Task statement →
Return all the entries. Match them word for word.

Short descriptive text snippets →
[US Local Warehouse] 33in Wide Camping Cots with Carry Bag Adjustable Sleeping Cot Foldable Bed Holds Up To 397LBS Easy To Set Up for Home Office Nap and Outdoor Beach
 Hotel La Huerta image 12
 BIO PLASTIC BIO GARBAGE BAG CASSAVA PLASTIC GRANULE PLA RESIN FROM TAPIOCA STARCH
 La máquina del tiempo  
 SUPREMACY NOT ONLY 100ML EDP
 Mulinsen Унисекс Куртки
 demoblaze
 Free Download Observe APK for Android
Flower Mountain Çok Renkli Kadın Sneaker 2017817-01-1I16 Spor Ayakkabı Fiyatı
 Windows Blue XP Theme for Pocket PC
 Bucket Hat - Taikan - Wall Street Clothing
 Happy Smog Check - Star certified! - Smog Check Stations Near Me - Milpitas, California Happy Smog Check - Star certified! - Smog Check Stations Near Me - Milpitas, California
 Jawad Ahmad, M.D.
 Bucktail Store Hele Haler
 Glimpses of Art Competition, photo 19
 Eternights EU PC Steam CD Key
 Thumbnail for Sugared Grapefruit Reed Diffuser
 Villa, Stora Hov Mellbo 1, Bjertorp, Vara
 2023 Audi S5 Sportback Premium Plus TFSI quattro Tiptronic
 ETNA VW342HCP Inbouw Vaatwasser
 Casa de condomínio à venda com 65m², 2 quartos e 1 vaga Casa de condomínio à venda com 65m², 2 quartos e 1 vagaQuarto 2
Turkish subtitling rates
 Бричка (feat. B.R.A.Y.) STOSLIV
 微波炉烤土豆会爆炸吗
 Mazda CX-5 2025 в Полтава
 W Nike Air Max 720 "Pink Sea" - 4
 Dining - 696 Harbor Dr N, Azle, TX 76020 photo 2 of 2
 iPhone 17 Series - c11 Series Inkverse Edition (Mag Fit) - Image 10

Reply →
[US Local Warehouse] 33in Wide Camping Cots with Carry Bag Adjustable Sleeping Cot Foldable Bed Holds Up To 397LBS Easy To Set Up for Home Office Nap and Outdoor Beach
 Hotel La Huerta image 12
 BIO PLASTIC BIO GARBAGE BAG CASSAVA PLASTIC GRANULE PLA RESIN FROM TAPIOCA STARCH
 La máquina del tiempo  
 SUPREMACY NOT ONLY 100ML EDP
 Mulinsen Унисекс Куртки
 demoblaze
 Free Download Observe APK for Android
Flower Mountain Çok Renkli Kadın Sneaker 2017817-01-1I16 Spor Ayakkabı Fiyatı
 Windows Blue XP Theme for Pocket PC
 Bucket Hat - Taikan - Wall Street Clothing
 Happy Smog Check - Star certified! - Smog Check Stations Near Me - Milpitas, California Happy Smog Check - Star certified! - Smog Check Stations Near Me - Milpitas, California
 Jawad Ahmad, M.D.
 Bucktail Store Hele Haler
 Glimpses of Art Competition, photo 19
 Eternights EU PC Steam CD Key
 Thumbnail for Sugared Grapefruit Reed Diffuser
 Villa, Stora Hov Mellbo 1, Bjertorp, Vara
 2023 Audi S5 Sportback Premium Plus TFSI quattro Tiptronic
 ETNA VW342HCP Inbouw Vaatwasser
 Casa de condomínio à venda com 65m², 2 quartos e 1 vaga Casa de condomínio à venda com 65m², 2 quartos e 1 vagaQuarto 2
Turkish subtitling rates
 Бричка (feat. B.R.A.Y.) STOSLIV
 微波炉烤土豆会爆炸吗
 Mazda CX-5 2025 в Полтава
 W Nike Air Max 720 "Pink Sea" - 4
 Dining - 696 Harbor Dr N, Azle, TX 76020 photo 2 of 2
 iPhone 17 Series - c11 Series Inkverse Edition (Mag Fit) - Image 10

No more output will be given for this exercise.